Unsur SWOT memuat beberapa faktor
internal (kekuatan) diantaranya; (1)
Tersedia kawasan seluas 682 Ha dan dapat diperluas untuk mendukung pengembangan
berbagai komoditi tanaman dan ternak yang bernilai ekonomi tinggi, (2)
Pengembangan berbagai komoditi tanaman dan ternak dapat memberikan multiplier
pendapatan yang berarti bagi masyarakat dan wilayah, (3) Pengembangan kawasan
Wade dapat memberikan efek sebar bagi kemajuan desa-desa dan atau kawasan
sekitar baik di dalam maupun luar wilayah kecamatan, bahkan sampai pada wilayah
Kabupaten Alor, (4) Luas areal potensial 682 ha, 429 ha berlereng 0-15% dan 120 ha berlereng
15-30%, (5) Kesuburan fisik cukup baik (tekstur sedang), kedalaman efektif
cukup, (6) Kesuburan kimia cukup baik (kalium sedang-tinggi), (7) Curah hujan
875 mm per tahun, (8) Masyarakat telah mengusahakan tanaman pangan, perkebunan
(jambu mente) dan peternakan (sapi), (9) Produktivitas tanaman perkebunan cukup
baik, (10) Populasi ternak besar (sapi) 40 ekor, (11) Tersedianya sumberdaya
pakan dalam jumlah dan jenis bervariasi untuk mendukung perkembangan
peternakan.
Faktor internal yang menjadi kelemahan,
diantarany ; (1) Rendahnya aksesibilitas dari dan ke kawasan Wade, (2)
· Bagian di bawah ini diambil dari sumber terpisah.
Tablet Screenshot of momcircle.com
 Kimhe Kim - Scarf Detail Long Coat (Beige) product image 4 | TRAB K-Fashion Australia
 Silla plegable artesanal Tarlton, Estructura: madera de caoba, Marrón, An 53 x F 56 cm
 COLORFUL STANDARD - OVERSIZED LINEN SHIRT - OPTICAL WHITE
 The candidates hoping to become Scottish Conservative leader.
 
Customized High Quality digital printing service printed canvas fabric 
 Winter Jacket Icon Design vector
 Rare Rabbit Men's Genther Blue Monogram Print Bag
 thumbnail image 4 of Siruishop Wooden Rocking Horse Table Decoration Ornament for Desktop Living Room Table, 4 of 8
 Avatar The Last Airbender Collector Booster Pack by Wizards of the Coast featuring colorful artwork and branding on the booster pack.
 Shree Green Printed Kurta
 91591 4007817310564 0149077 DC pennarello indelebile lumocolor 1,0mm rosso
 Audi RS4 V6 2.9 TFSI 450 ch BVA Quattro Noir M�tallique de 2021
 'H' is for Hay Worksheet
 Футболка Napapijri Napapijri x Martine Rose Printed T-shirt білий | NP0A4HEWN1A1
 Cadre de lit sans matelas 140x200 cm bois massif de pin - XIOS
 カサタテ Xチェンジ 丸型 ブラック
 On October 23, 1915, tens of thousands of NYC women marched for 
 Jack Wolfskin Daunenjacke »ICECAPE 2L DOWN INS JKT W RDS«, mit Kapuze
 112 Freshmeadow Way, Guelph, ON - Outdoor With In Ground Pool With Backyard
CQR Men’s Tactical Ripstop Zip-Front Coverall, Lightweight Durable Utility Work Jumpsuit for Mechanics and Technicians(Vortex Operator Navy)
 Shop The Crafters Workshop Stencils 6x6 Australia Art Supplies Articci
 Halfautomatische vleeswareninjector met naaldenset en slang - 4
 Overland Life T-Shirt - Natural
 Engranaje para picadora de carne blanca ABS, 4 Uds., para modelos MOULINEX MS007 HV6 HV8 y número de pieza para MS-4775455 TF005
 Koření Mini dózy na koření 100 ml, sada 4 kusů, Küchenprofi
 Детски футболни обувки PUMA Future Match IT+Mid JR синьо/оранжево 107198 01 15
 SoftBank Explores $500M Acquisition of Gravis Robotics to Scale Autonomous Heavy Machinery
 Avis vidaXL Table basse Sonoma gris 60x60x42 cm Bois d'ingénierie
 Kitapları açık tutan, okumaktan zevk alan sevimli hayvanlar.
Rendahnya sarana dan prasarana penunjang produksi, seperti air, telekomunikasi,
(3) Rendahnya ketersediaan TK keluarga dan tingkat pengetahuan dan penguasaan
teknologi penunjang produksi, (4) Disparitas kemajuan wilayah antara bagian
selatan dengan bagian utara, timur dan barat di Kabupaten Lembata, (5) Status pemilikan
lahan (tanah adat), (6) Kesuburan kimia rendah (N, KTK, C organik), (7) Faktor
salinitas pada sebagian lahan, (8) Belum diterapkan teknologi budidaya dan
pasca panen, (9) Praktek usahatani tebas bakar, tanaman pangan pada lereng >
15%, (10) Kurang praktek usahatani konservasi, (11) Musim hujan relatif pendek,
(12) Curah hujan bersifat eradik (distribusi waktu tidak merata), dan (13) Air
tanah dangkal bersifat salin.
Faktor eksternal yang menjadi peluang
adalah; (1) Tingginya tingkat permintaan produk pertanian tanaman dan ternak
baik di dalam maupun luar wilayah Kabupaten Lembata, (2) Tersedianya dkungan
investasi pemerintah dan suasta untuk mengembangkan kawasan-kawasan potensial
di wilayah perbatasan dan tertinggal, (3) Pengembangan
berbagai komoditas sesuai kondisi agroklimat. Sementara faktor eksternal yang
menjadi ancaman yaitu; (1) Pengembangan
kawasan yang memiliki potensi yang sama di wilayah Kabupaten lain terdekat yang
lebih maju, (2) Jenis dan macam produk barang dan jasa yang sama dan dihasilkan
di wilayah lain, (3) Degradasi lahan, dan (4) Curah hujan bersifat
eradik.
Berdasarkan
analisis faktor-faktor internal dan eksternal yang meliputi kekuatan,
kelemahan, peluang dan ancaman terhadap semua aspek pengembangan maka beberapa
isu utama yang menjadi permasalahan atau kendala dalam pengembangan kawasan
Wade adalah: (1) Aspek pemanfaatan potensi lahan yang belum optimal, (2) Aspek
teknik budidaya dan pasca panen. Strategi yang perlu ditetapkan untuk
pengembangan kawasan Wade adalah; (1) Optimalkan pemanfaatan sumberdaya lahan
dengan memperhatikan produktivitas dan keberlanjutan sumberdaya tersebut, (2) Meningkatkan
program pemberdayaan masyarakat petani, dan (3) Meningkatkan jumlah dan mutu
produksi pertanian dan peternakan. Strategi lainnya yang dapat lakukan adalah ; (1) Optimalisasi
penggunaan sumberdaya biofisik, (2) Optimalisasi teknik budidaya dan pasca
panen, (3) Optimalisasi penggunaan sumberdaya biofisik, (4) Optimalisasi teknik
budidaya dan pasca panen, (5) Optimalisasi sumberdaya biofisik, (6)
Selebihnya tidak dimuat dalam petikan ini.